With the advent of democracy and what Tocqueville was to call a democratic condition sociale, however, "the people" begins to apply more or less to everyone. It takes on concrete political and social resonance only where a clear and universally acknowledged elite monopolizes political authority and social power. This has sometimes been the case in the United States — the Gilded Age comes to mind — but most periods in our history are open to debate. Although populism remains a highly effective political strategy in the contemporary United States, the absence of such a clearly identifiable elite means that it remains little more than a strategy and a rhetoric, open to any number of ideological uses. The simple fact is that "we the people" can come to no real agreement on who the elite is. Is it Wall Street? Ivy League–educated liberals? The politicians and lobbyists in Washington, DC? White males? All the above? According to one prominent school of political analysis, our lack of precision on this matter is both predictable and, indeed, inevitable. For more than fifty years, political scientists of the pluralist school have denied that any elite actually runs things in quite the way the populist mind imagines. The answer to the question "who governs?" is shifting and unpredictable.
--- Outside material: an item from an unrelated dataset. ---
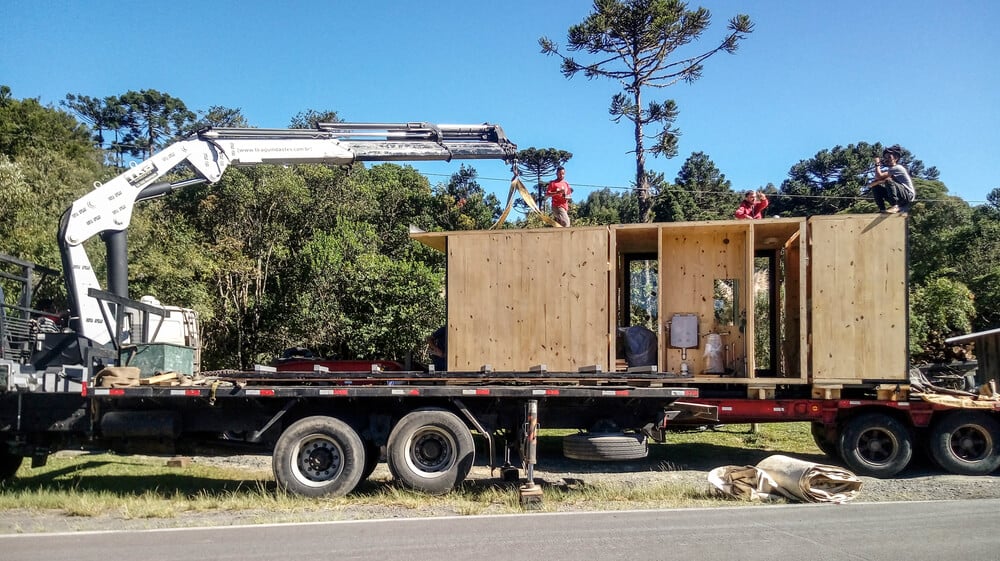 这是房屋建造过程中的一个视图，它的部分被卡车运送。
The present book goes back in time in order to investigate the political education of the people as it was conceived by four canonical European thinkers: Jean-Jacques Rousseau, G. W. F. Hegel, Alexis de Tocqueville, and John Stuart Mill. Rousseau wrote just before the French Revolution, and his impact on that event and its aftermath — a favorite topic of dispute among scholars — was considerable. Hegel, Tocqueville, and Mill wrote after that epochal event. For all of them, the idea and even the inevitability of increasing popular participation in politics brought with it great hopes and an equally great anxiety.

In the period I will be discussing, "the people" was not just a useful fiction. It denoted an undeniable social reality, one fighting for the opportunity of sustained and meaningful political participation. As a result of nearly seventeen hundred years of domination by nobles, monarchs, and the Church, the people were without the experience or the knowledge that most thinkers in the Western tradition have assumed were prerequisites for the exercise of political power and participation in the political process. As Hegel himself pointed out, the history of Western culture up until the French Revolution was a history framed by the duality of masters and slaves, lords and bondsmen. In such a world, there could be little expectation of popular political wisdom, ability, experience, or judgment. For such advocates of liberalization as Rousseau, Hegel, Tocqueville, and Mill this meant that the crucial work of their age had to include an enormous effort directed at popular political education.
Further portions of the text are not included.